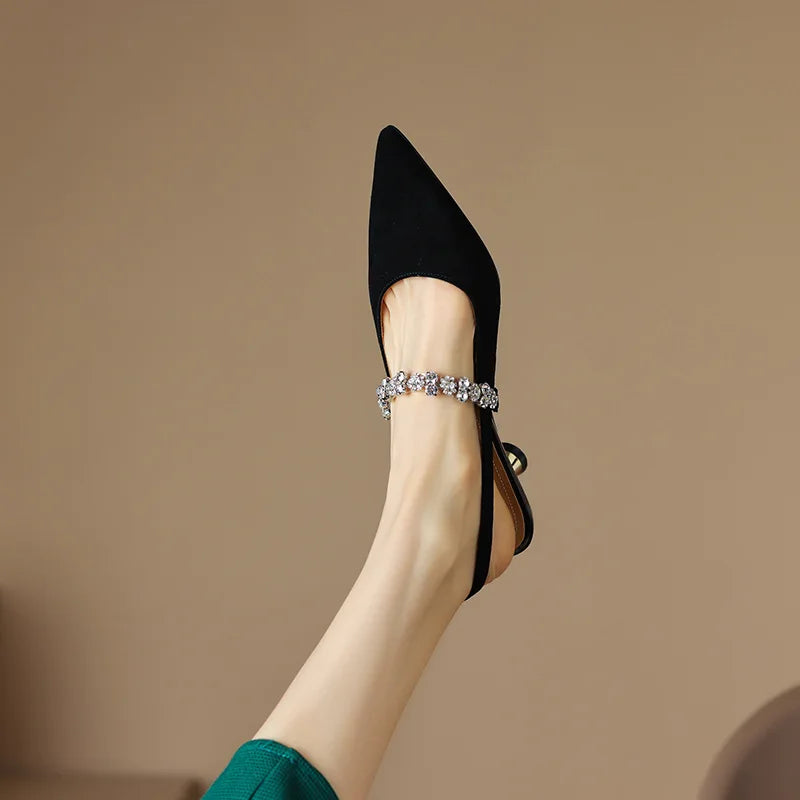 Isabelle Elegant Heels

┄┄┄┄┄┄

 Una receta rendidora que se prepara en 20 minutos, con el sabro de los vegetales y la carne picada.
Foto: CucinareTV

┄┄┄┄┄┄

## Task to complete
Give back, word for word, only the lines above from the line holding "Una receta rendidora" to the line holding "Foto: CucinareTV", both included.

## Exercise solution
 Una receta rendidora que se prepara en 20 minutos, con el sabro de los vegetales y la carne picada.
Foto: CucinareTV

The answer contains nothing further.